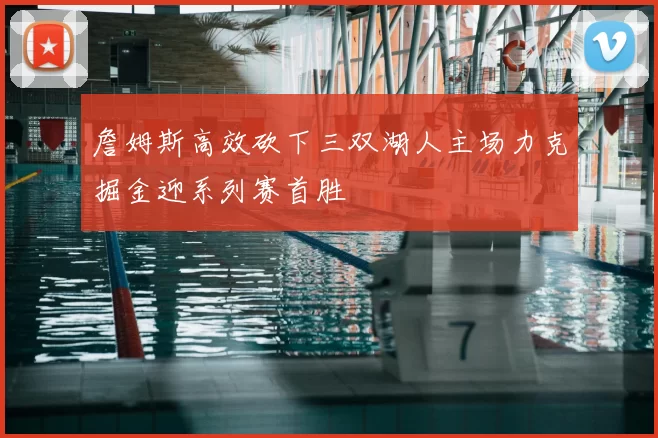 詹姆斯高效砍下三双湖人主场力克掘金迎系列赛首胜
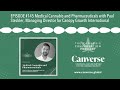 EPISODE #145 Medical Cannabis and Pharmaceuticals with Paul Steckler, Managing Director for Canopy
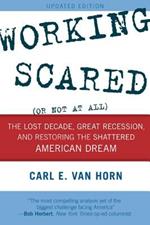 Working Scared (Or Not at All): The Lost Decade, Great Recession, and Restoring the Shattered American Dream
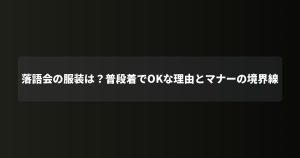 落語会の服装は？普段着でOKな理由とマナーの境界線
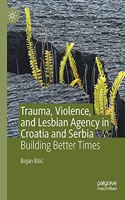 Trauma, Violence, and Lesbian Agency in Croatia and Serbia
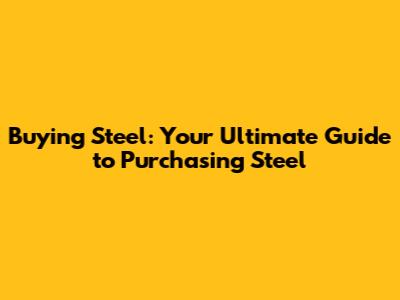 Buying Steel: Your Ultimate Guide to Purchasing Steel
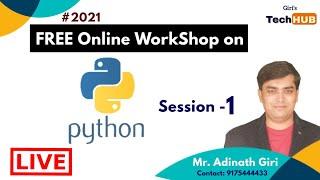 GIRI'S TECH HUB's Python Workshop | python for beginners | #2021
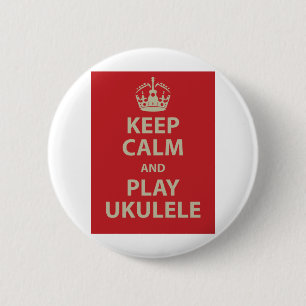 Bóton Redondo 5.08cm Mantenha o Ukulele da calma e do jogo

□ □ □ □ □

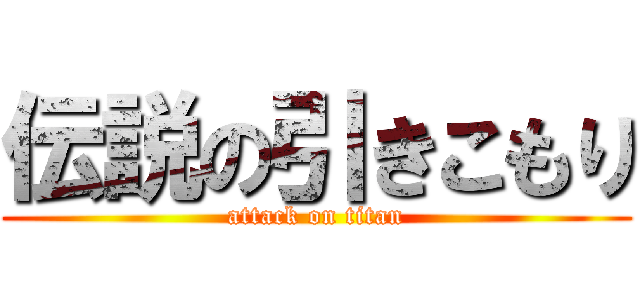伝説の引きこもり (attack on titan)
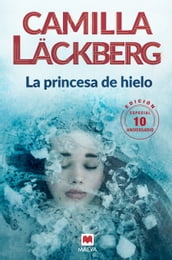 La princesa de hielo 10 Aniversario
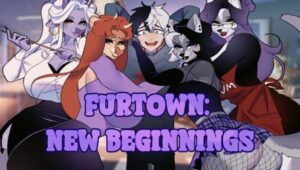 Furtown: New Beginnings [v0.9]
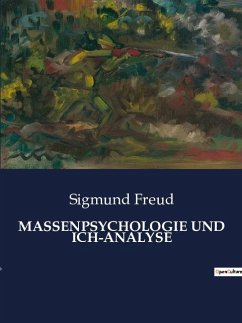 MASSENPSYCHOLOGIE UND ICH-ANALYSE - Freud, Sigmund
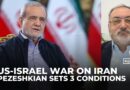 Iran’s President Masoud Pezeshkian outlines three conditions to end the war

□ □ □ □ □

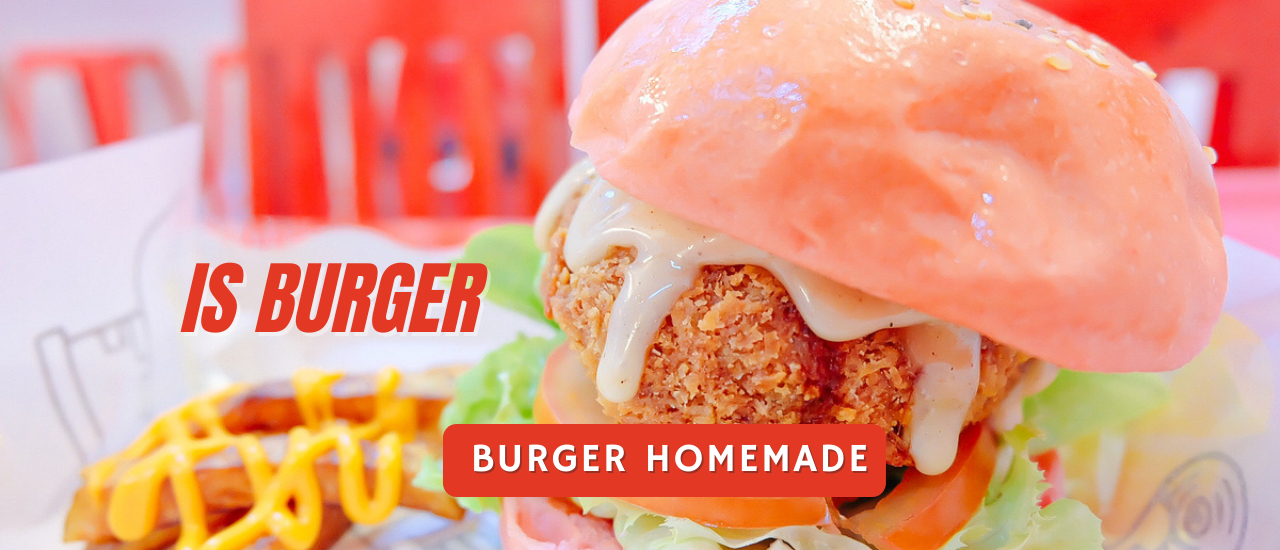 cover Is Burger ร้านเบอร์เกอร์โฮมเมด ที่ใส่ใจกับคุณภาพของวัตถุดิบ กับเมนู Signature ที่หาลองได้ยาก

□ □ □ □ □

#### [Required work]
Pictures are to be left out. Write out only the lines above starting at the one with "落語会の服装は？普段着でOKな理由とマナーの境界線" and ending at the one with "Bóton Redondo 5.08cm", both lines included, exactly.

#### [Result of the exercise]
 落語会の服装は？普段着でOKな理由とマナーの境界線
 Trauma, Violence, and Lesbian Agency in Croatia and Serbia
 Buying Steel: Your Ultimate Guide to Purchasing Steel
 GIRI'S TECH HUB's Python Workshop | python for beginners | #2021
 Bóton Redondo 5.08cm Mantenha o Ukulele da calma e do jogo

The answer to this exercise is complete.